So, Monday morning my alarm screamed at me like normal at 4:00 a.m. The goal was four miles considering I had missed my long training run for the weekend with being away; my plan was to do a few longer runs this week.

It was still dark as I stepped outside of my home. I felt a bit stiff & my head was full of a million things that needed to be done.

I began to run & honestly about twenty steps in, I stopped & stood there. I told myself I did not want to run, I did not want to do four miles; I just wanted to go back home. Luckily, my current run streak saved me as I knew that I had to complete at the minimum a mile.

So, I started again. I stopped fifty feet later & mentally was fighting putting one foot in front of the other. It was a serious battle; I wanted to quit with such a strong urge to do so! I stood there & stretched out my legs to give me a chance to mentally focus.

I set a goal. I set a goal to train for a marathon. I set a goal to go out every day & show others what is possible if you are willing to drop the excuses.

Why did I want to quit so badly in this moment?

Finally, I realized that I deserved more. I did not deserve to be quit on; I did not deserve giving up on a goal that I am truly passionate about. I deserve to stay on my track, on my quest to better.

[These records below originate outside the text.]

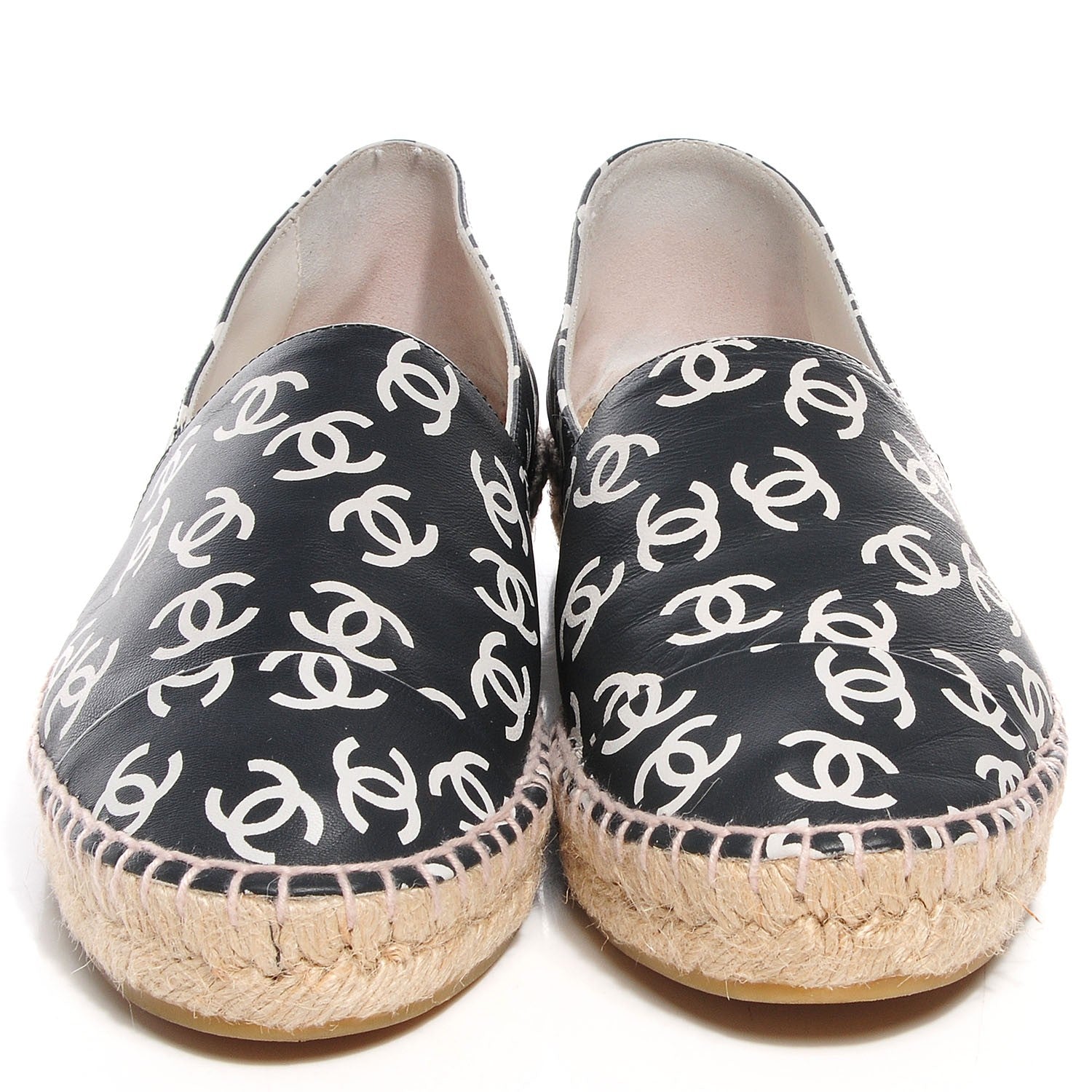 Chanel Lambskin Printed CC Espadrilles 38 Black White 2 of 8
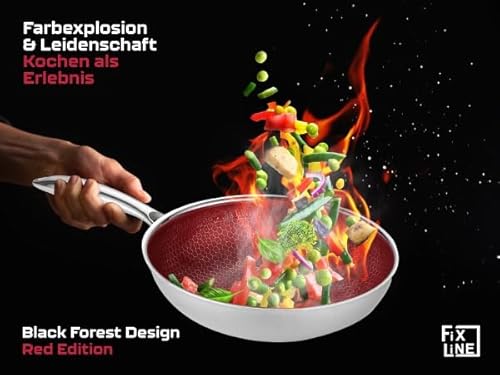 FIXLINE® Wokpfanne 28cm - Black Forest Design - kratzfeste Beschichtung ohne PTFE - alle Herdarten inkl. Induktion - Backofengeeignet bis 230°C - Einfache Reinigung - Perfekte Geschenkidee 6 FIXLINE® Wokpfanne 28cm - Black Forest Design - kratzfeste Beschichtung ohne PTFE - alle Herdarten inkl. Induktion - Backofengeeignet bis 230°C - Einfache Reinigung - Perfekte Geschenkidee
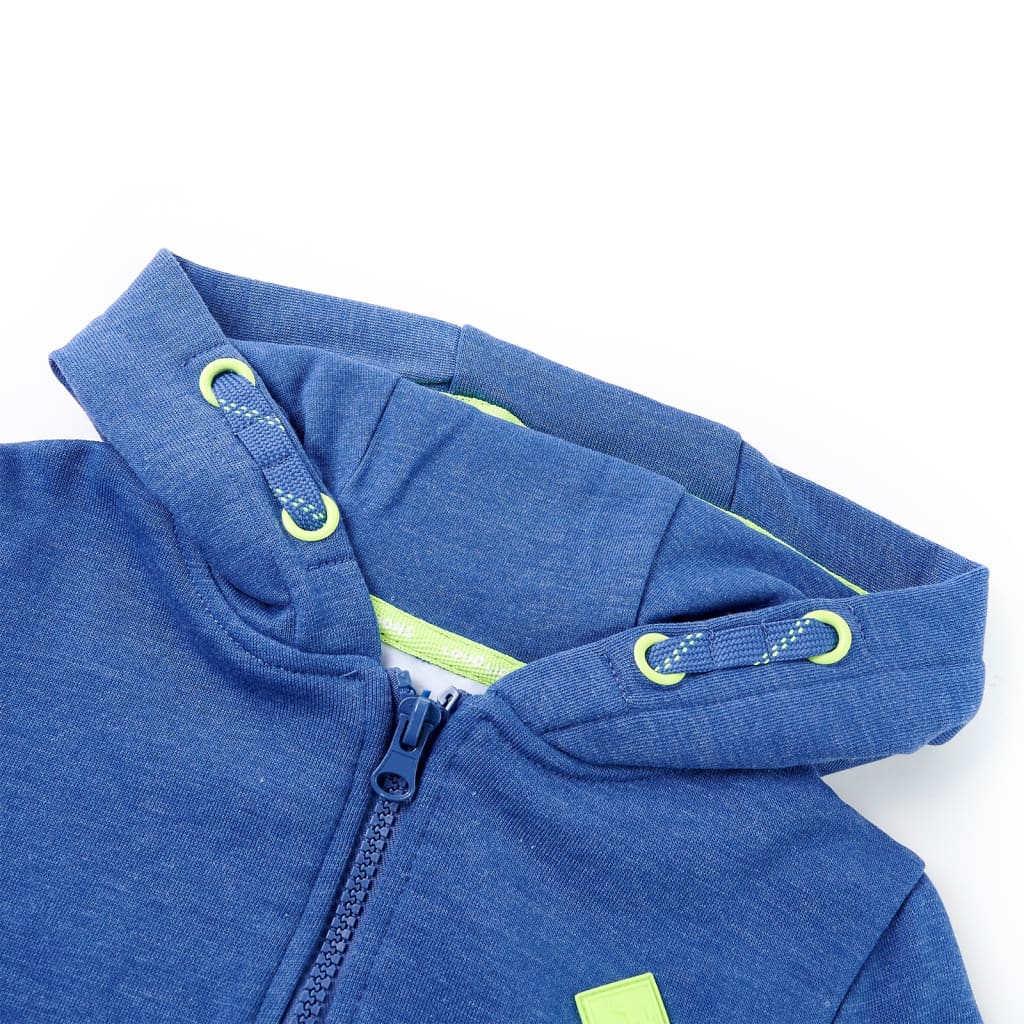 VidaXL Kinderstrickjacke mit Kapuze und Reißverschluss 140 blau gemischt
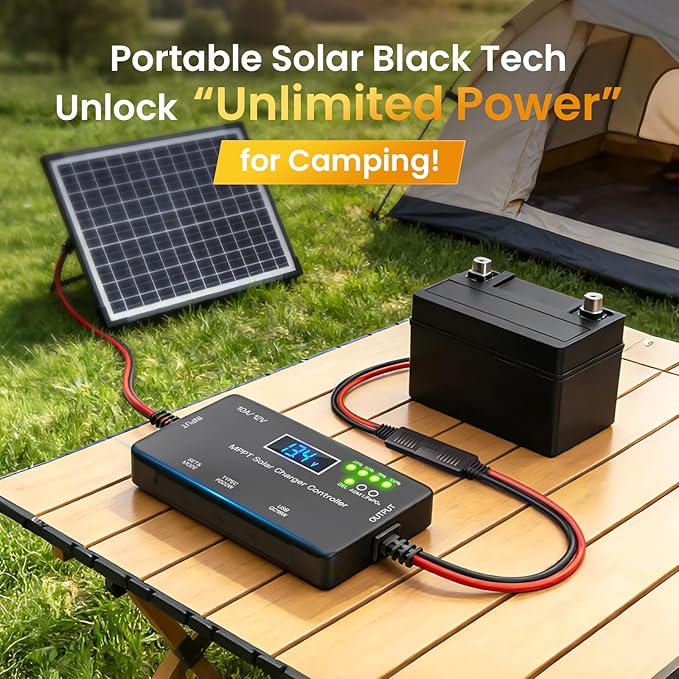 MPPT Solar Charge Controller 12V 10A, with LCD Display & Type-C/USB Output, Compatible with LiFePO4, AGM, Gel Batteries, Zero Battery Drain Technology for Off-Grid Solar System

I started up again, I turned on the flashlight on my phone & headed out to the road. By the time I finally hit 1.5 miles, I was feeling stronger.

By the time I hit two miles, I was feeling grateful.

By the time I hit 2.5 miles, I felt like me.

By the time I hit three miles, I was filled with such happiness & passion.

By the time I hit 3.5 miles, I could finally shut off my flashlight.

By the time I hit four miles, I felt dang proud.

I had a million excuses to quit early: too dark & did not want to use a flashlight, I might not see a hole & step in it, my legs feel heavy,  I still need to unpack, I need to do laundry, I need to work my business, my legs feel like tree trunks, I need to work on my August budget, I need to clean my home.

But, I pushed past the excuses; I ran through them. I am a normal person; I do not always want to work out or go out for a run. I’m human.

Every day we make a million choices. Our choices can lead us to where we truly want to go or they can force us to travel in the opposite direction. The compound effect.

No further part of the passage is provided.